Status: Non-record research submission

Hardware: NVIDIA DGX Spark GB10 (single GPU, aarch64)

val_bpb: TBD (Spark run in progress, will update this PR when complete)

Background

PR #1193 (original Universal Transformer submission) was flagged on 2026-04-11 by @MatoTeziTanka for using an illegal TTT pattern. His review was thorough: the ttt_adapt() function trained multi-epoch on val_tokens without score-first discipline, matching the same pattern that closed PR #1376 and the rest of the Pre-Quant TTT cluster.

His recommendation was clear: resubmit with the TTT function taking a training-data slice instead of val_tokens, per the PR #1416 / PR #1423 reference implementations. This PR does exactly that.

PR #1193 remains open with the honest no-TTT numbers (val_bpb 3.2483 from my clean Spark ablation) and a full acknowledgment of the flag.
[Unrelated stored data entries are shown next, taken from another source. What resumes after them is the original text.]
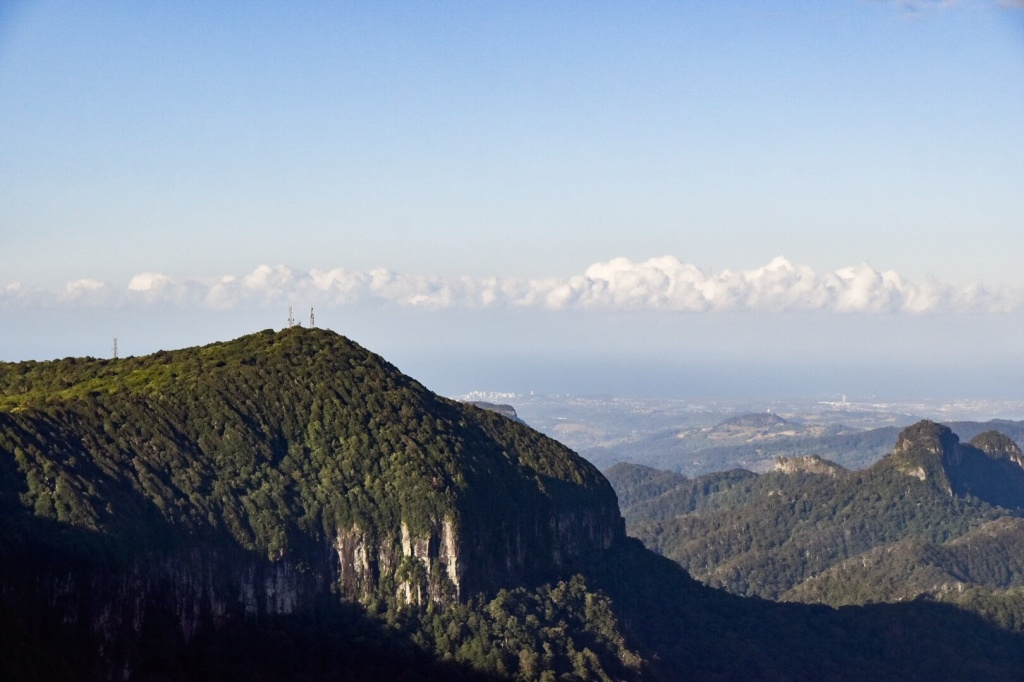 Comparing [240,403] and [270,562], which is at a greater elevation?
[240,403]

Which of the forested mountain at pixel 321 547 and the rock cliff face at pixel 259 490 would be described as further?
the rock cliff face at pixel 259 490

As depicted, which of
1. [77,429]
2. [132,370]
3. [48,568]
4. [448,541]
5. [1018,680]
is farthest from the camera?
[1018,680]

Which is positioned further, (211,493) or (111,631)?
(211,493)

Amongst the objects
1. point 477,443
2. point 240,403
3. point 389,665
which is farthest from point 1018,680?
point 240,403

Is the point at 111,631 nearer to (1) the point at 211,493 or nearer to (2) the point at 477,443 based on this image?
(1) the point at 211,493

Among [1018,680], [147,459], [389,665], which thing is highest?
[147,459] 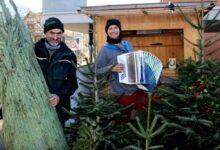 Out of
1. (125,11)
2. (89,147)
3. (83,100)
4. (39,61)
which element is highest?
(125,11)

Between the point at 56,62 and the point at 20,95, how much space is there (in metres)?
0.58

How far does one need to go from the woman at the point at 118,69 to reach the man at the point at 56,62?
0.39m

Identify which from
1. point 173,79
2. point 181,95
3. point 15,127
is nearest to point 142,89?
point 173,79

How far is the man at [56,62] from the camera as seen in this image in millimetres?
4039

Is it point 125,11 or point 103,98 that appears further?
point 125,11

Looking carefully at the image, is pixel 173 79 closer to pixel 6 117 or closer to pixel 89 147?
pixel 89 147

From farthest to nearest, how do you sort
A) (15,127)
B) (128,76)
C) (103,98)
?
1. (128,76)
2. (103,98)
3. (15,127)

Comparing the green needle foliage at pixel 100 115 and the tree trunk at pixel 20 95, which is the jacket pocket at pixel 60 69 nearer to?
the green needle foliage at pixel 100 115

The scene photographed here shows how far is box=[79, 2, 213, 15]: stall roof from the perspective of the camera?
6.38 metres

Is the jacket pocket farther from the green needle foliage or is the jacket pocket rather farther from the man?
the green needle foliage

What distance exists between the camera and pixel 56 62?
13.2 feet

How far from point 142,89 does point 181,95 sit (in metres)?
0.93

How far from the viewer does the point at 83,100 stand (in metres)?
3.89

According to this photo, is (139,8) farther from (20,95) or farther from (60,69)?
(20,95) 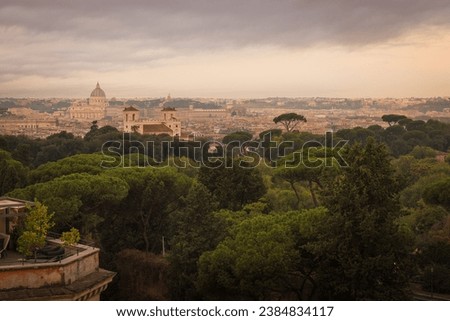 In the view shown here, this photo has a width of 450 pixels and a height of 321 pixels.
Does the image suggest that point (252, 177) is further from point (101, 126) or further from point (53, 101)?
point (101, 126)

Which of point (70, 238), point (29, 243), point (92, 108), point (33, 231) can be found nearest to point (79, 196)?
point (33, 231)

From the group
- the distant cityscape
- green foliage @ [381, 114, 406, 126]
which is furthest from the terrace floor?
green foliage @ [381, 114, 406, 126]

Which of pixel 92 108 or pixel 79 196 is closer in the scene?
pixel 79 196

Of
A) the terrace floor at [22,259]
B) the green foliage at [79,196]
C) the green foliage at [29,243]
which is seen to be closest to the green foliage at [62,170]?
the green foliage at [79,196]

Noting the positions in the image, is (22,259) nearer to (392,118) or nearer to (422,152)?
(422,152)

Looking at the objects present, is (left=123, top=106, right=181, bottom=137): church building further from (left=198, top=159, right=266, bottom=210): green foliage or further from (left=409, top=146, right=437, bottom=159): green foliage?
(left=409, top=146, right=437, bottom=159): green foliage

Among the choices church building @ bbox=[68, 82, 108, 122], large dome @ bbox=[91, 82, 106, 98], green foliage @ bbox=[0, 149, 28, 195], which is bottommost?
green foliage @ bbox=[0, 149, 28, 195] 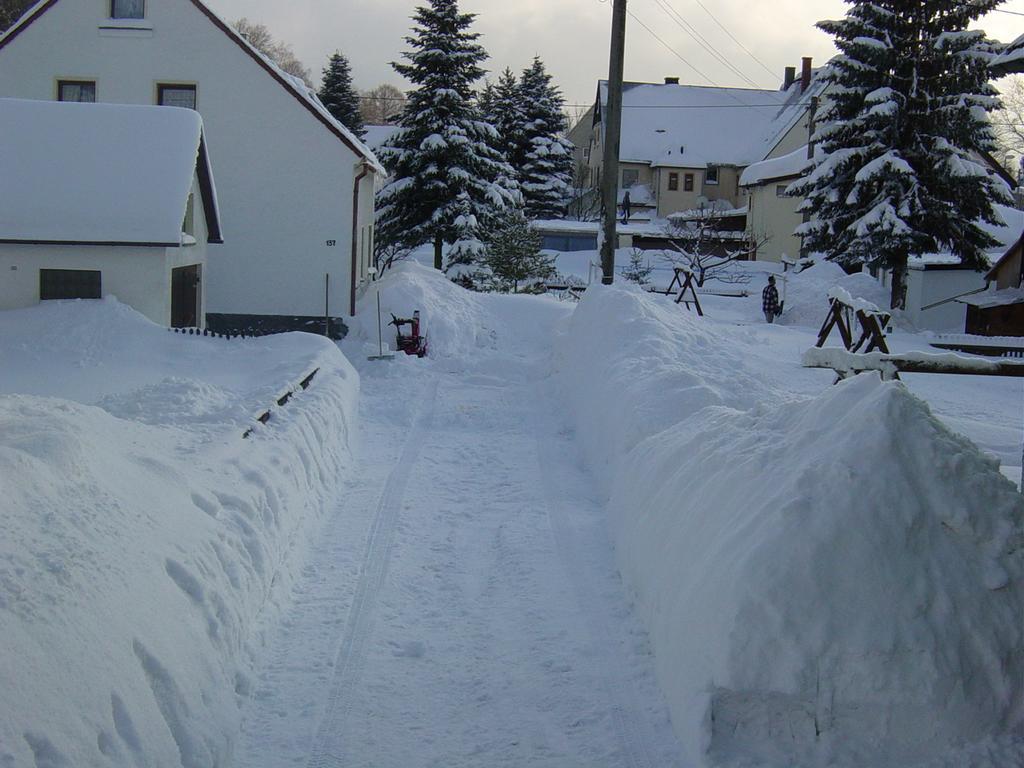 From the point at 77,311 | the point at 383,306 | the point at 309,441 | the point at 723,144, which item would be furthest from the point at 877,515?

This PR is the proper legal version with TTT enabled.

What Changed

  1. TTT function signature. ttt_adapt() now takes train_slice_tokens instead of val_tokens. The parameter name documents the intent explicitly.

  2. Training slice source. Before the TTT call, the submission loads a fixed window from the tail of the last fineweb_train_*.bin shard. This slice was not used during main training (we only train on the prefix of each shard up to iterations steps) and is never part of fineweb_val_*.bin. No val_tokens touch the TTT gradient path at any point.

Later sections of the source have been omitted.